Na początku października pewien turysta zaginął w jednym z kanadyjskich parków prowincjonalnych, gdzie temperatura spadła do minus 20 st. C. Pod koniec miesiąca mężczyzny przestano już szukać, uznając za niemożliwe, by przeżył. Po 50 dniach wydarzył się jednak cud - 20-latek odnalazł się cały i zdrowy.

20-letni miłośnik przyrody Sam Benastick wybrał się na 10-dniową górską wyprawę połączoną z wędkowaniem po Parku Redfern-Keily w północnych Górach Skalistych Kanady. Kiedy 19 października nie wrócił do domu, jego rodzina zgłosiła zaginięcie. Ponad 50 osób, psy tropiące i helikoptery przeczesywały okolicę w poszukiwaniu jakichkolwiek wskazówek, że mężczyzna żyje. 

Ścigano się z czasem - zbliżała się zima. Teren jest jednak wyjątkowo trudny. Park znajduje się około 80 km od najbliższej drogi. "Bądź przygotowany na wszelkie warunki pogodowe podczas wizyty - jesteś na odizolowanym obszarze, a pogoda może się szybko zmienić" - czytamy ostrzeżenie, jakie widnieje na stronie internetowej parku. W listopadzie temperatura spadła tam do minus 20 st. C, a ziemia pokryła się śniegiem.

Przestali go szukać

Po około dwóch tygodniach zakończono akcję ratunkową. Mama Sama podziękowała w mediach społecznościowych wszystkim zaangażowanym w poszukiwania, które niestety okazały się bezskuteczne.

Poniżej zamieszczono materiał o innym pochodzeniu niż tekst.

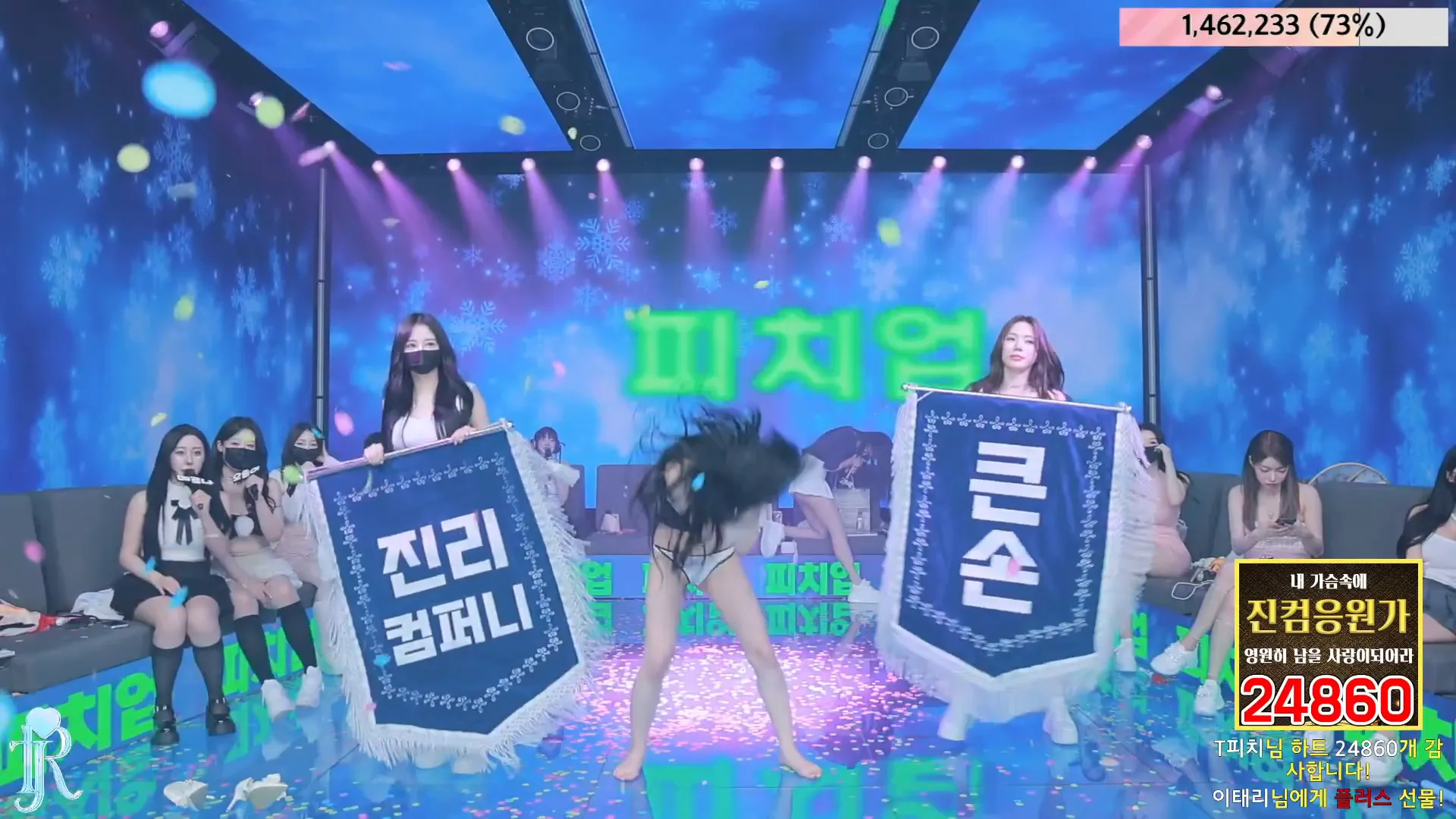 图片[31] - [Korean BJ] jinricp 2024-08-28 - KBJFan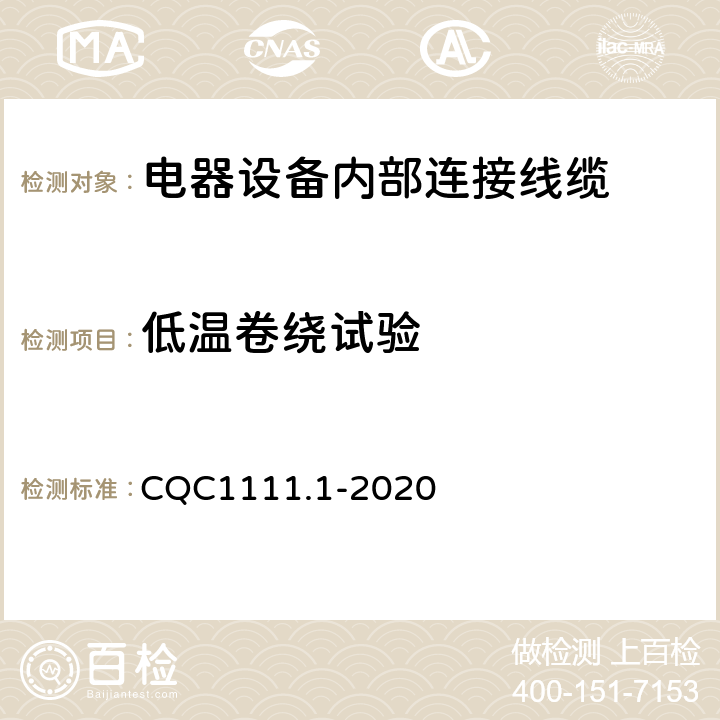 低温卷绕试验 电器设备内部连接线缆认证技术规范 第1部分：一般要求 CQC1111.1-2020 条款 7.6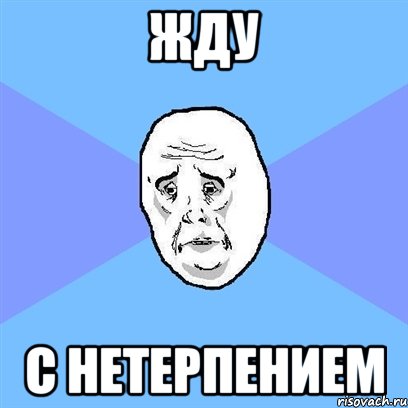 жду с нетерпением, Мем Okay face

Po takim czasie, w takiej temperaturze i bez zapasów było niemal pewne, że 20-latek nie żyje.

50 dni od zaginięcia Sama dwóch pracowników pobliskiej platformy wiertniczej jechało do pracy jednym ze szlaków Parku. Na drodze zobaczyli wychodzącego z dziczy mężczyznę podtrzymującego się dwoma kijami, jego nogi były owinięte rozciętym śpiworem. Od razu zabrali go do swojej ciężarówki, okryli kocem i dali kanapki, a następnie zadzwonili po pomoc.

Odnaleziony mężczyzna trafił do szpitala, był odwodniony i miał liczne odmrożenia. Tam policja zweryfikowała jego tożsamość. Okazało się, że jest to Sam Benastick.

50 dni w skrajnie niebezpiecznych warunkach

Benastick zeznał, że początkowo przez kilka dni spał w samochodzie, potem jednak zgubił się i przez około 15 dni obozował przy górskim potoku. Następnie 20-latek zszedł w dół doliny i zbudował obóz w wyschniętym korycie strumienia. Potem poszedł dalej, gdzie znaleźli go dwaj mężczyźni.

To są bardzo trudne warunki do przetrwania dla naprawdę każdego, zwłaszcza przy ograniczonych zapasach, sprzęcie i jedzeniu. Nawet ktoś z dużym doświadczeniem uznałby to za wyzwanie - powiedział cytowany przez BBC Adam Hawkins, kierownik poszukiwań.

Ostatecznie 20-latka odnaleziono niedaleko miejsca, gdzie rozpoczęto poszukiwania. Matka Sama powiedziała, że jej syn wróci do zdrowia, ale potrzebuje trochę czasu.